:: DATA EXCERPTS

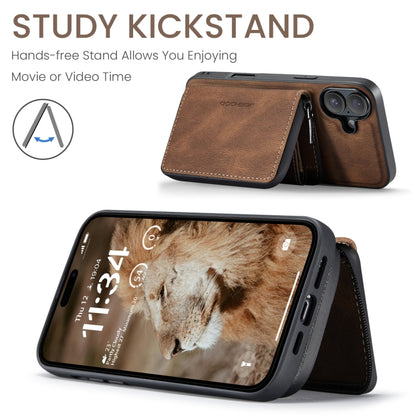 EDA007266501D_4.jpg@a125469733e204b3782f110e3e8102a5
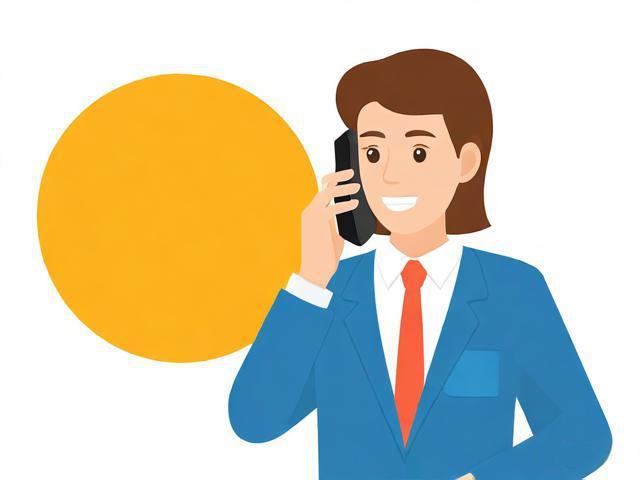 推荐一款电销外呼系统公司 推荐一款电销外呼系统公司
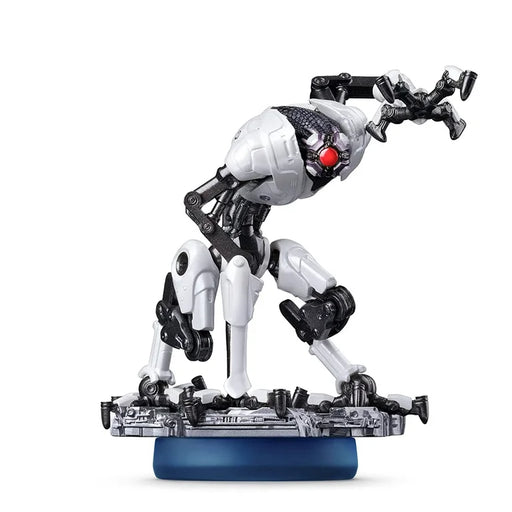 E.M.M.I. Amiibo [Metroid Dread] [Loose] – Nintendo Amiibo - for just $12.99! 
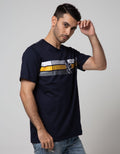 SS T-SHIRT TEXT 3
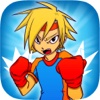 Boxing Fighter : Shadow Battle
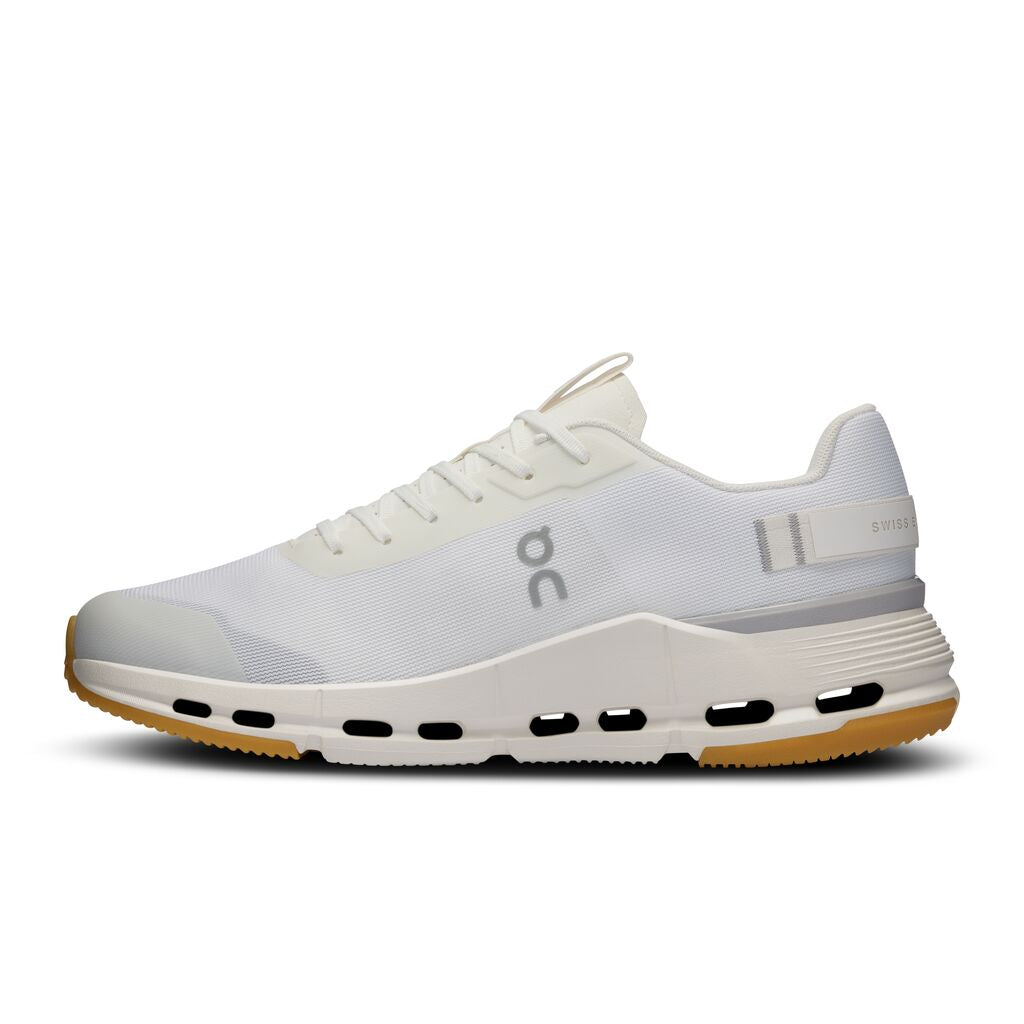 On Cloudnova Form 2 Women's 5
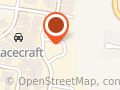 All Access Mobile Mechanic Sunshine Coast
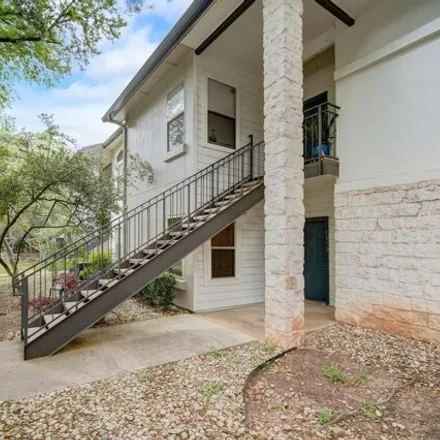 Image 2 - unnamed road, Austin, TX 78731, USA - Condo for sale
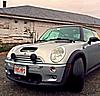 Extra R53 parts-screen-shot-2014-12-26-at-10.50.44-am.jpg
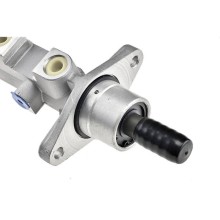 POMPE DE FREIN HPH-CH-001 Pour JEEP GRAND CHEROKEE 99-02 NTY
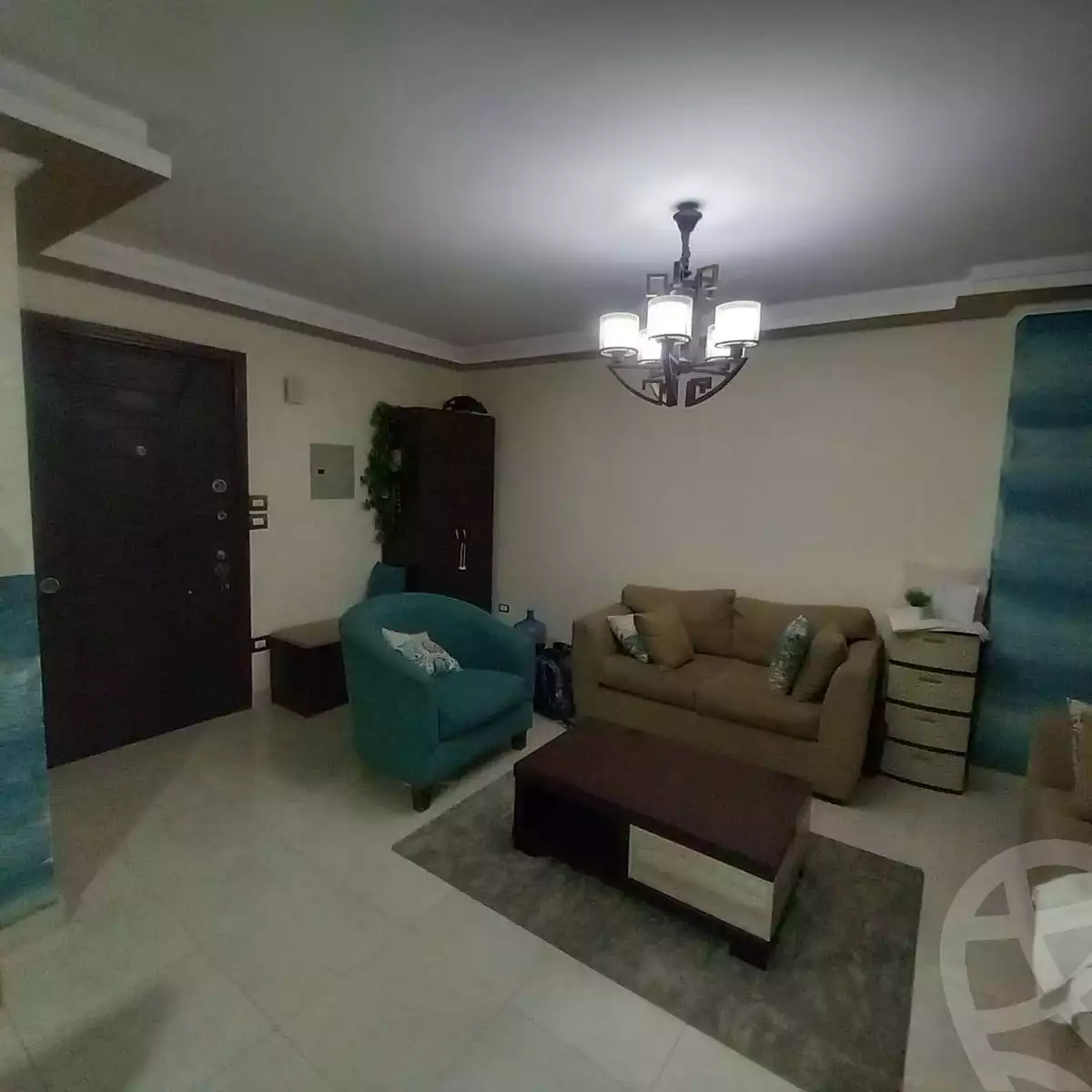 https://aqarmap.com.eg/en/listing/5790165-for-sale-cairo-shoubra-jzyr-bdrn-ibn-al-rashid-st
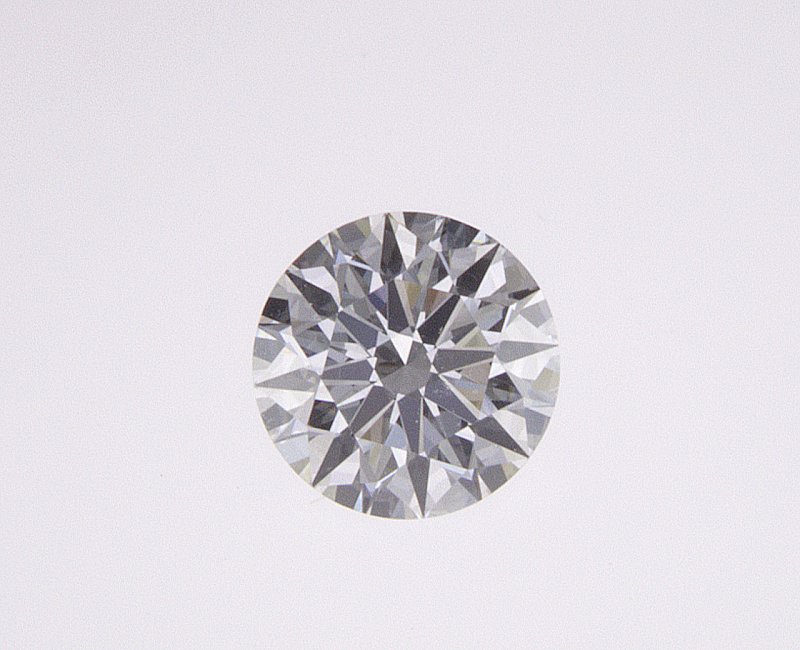 Round 0.30 carat E SI1 Photo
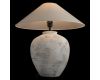 Настольная лампа Loft IT Clay 10486T/B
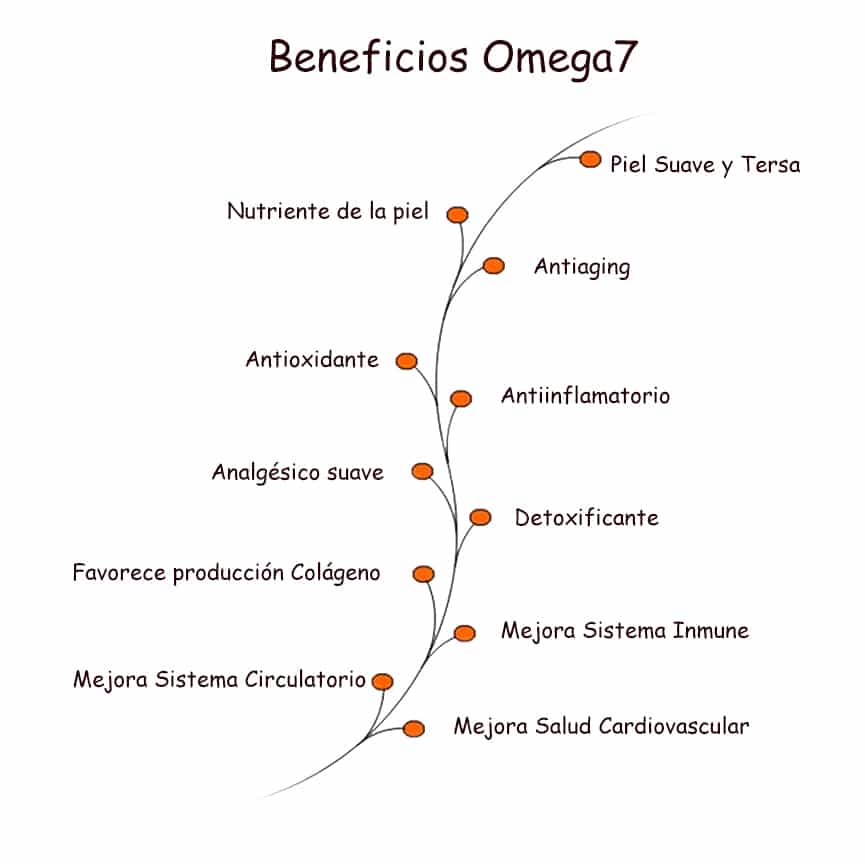 omega7 propieblanco 1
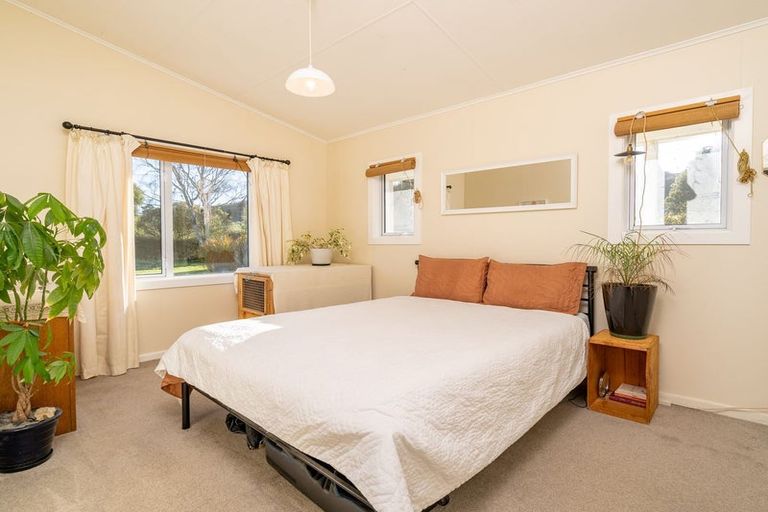 Photo of property in 141 Walsh Road, Bushey, Palmerston, 9482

::::

TASK:
With the pictures omitted, reproduce the records in full and exactly.

REPLY:
 EDA007266501D_4.jpg@a125469733e204b3782f110e3e8102a5
 推荐一款电销外呼系统公司 推荐一款电销外呼系统公司
 E.M.M.I. Amiibo [Metroid Dread] [Loose] – Nintendo Amiibo - for just $12.99! 
 SS T-SHIRT TEXT 3
 Boxing Fighter : Shadow Battle
 On Cloudnova Form 2 Women's 5
 All Access Mobile Mechanic Sunshine Coast
 Image 2 - unnamed road, Austin, TX 78731, USA - Condo for sale
 Extra R53 parts-screen-shot-2014-12-26-at-10.50.44-am.jpg
 POMPE DE FREIN HPH-CH-001 Pour JEEP GRAND CHEROKEE 99-02 NTY
 https://aqarmap.com.eg/en/listing/5790165-for-sale-cairo-shoubra-jzyr-bdrn-ibn-al-rashid-st
 Round 0.30 carat E SI1 Photo
 Настольная лампа Loft IT Clay 10486T/B
 omega7 propieblanco 1
 Photo of property in 141 Walsh Road, Bushey, Palmerston, 9482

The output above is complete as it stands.